Today I saw three cardinals during my morning walk. No, this is not a column about Roman Catholic bishops. The cardinals in question are the avian kind, and they have come to be a part of God’s “love language” to me, for no other reason than because He knows I like to see them, so He sends them. At least I have chosen to believe, by faith, that these cardinal sightings are not accidental, but their pleasure to me is known by God, and so it if it known by God then it is sent by God.
In any case, I know for a fact that throughout most of my life I never noticed cardinals—or birds at all, for that matter. They were just some distant wallpaper music in the background of my very important daily business. I am sure I would have noticed it if their sound had ceased, and mourned the loss of it. I am sure I would have been like Jonah, complaining to God indignantly about the loss of a shade plant that he had never thought to thank God for while he was enjoying it.

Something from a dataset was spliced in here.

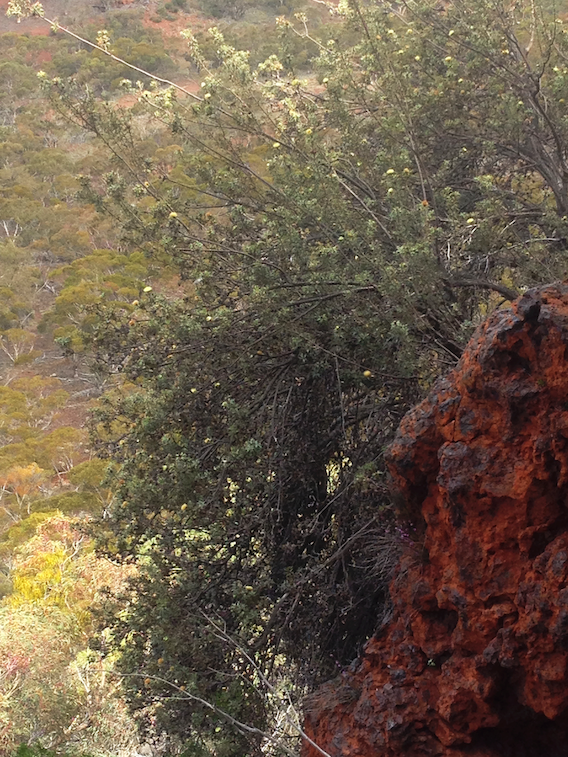 IMG 1577 Dryandra arborea inPixio 200w260h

This morning a new thought occurred to me, and I prayed, “Lord, just as you opened my eyes to cardinals I never used to see, open my eyes to other things you want me to see, for the sake of your kingdom.” I asked Him to let me see people who are hurting. (I am usually so full of myself and how I look to people and whether I look weird or alright that I don’t see them at all.) I asked Him to open my eyes to “discern spirits” (which is one of the gifts of 1 Corinthians 12:10). I asked Him to point out to me the person in the room who is depressed or suicidal, the loner, the brokenhearted. I also asked Him to open my eyes to the best answer in a conversation with my husband, the response that will make for peace and build him up.
If God can bring cardinals to my attention that other people walking down the street do not necessarily notice, then I believe He can do that in many other areas. And I think the sky is the limit for asking God for open eyes. God is in the business of opening eyes.